◆ GOAL OF THE EXERCISE:
Your answer must be a word-for-word copy of the listing, with all pictures excluded.

◆ DATA PROVIDED:
=-=-=
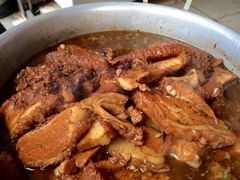扣肉-老嘢扣肉糯米饭(云亭街店)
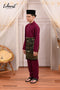 EXHAUST BAJU MELAYU (KANAK-KANAK) CEKAK MUSANG [SLIM FIT] 881675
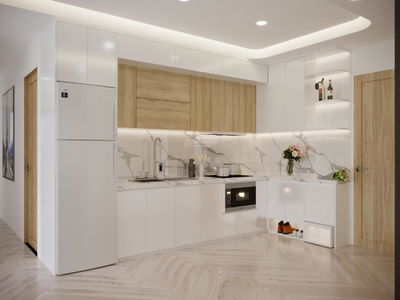 Vinhomes Smart City, Vietnam Vinhomes Smart City, Vietnam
=-=-=
◆ REPLY:
扣肉-老嘢扣肉糯米饭(云亭街店)
 EXHAUST BAJU MELAYU (KANAK-KANAK) CEKAK MUSANG [SLIM FIT] 881675
 Vinhomes Smart City, Vietnam Vinhomes Smart City, Vietnam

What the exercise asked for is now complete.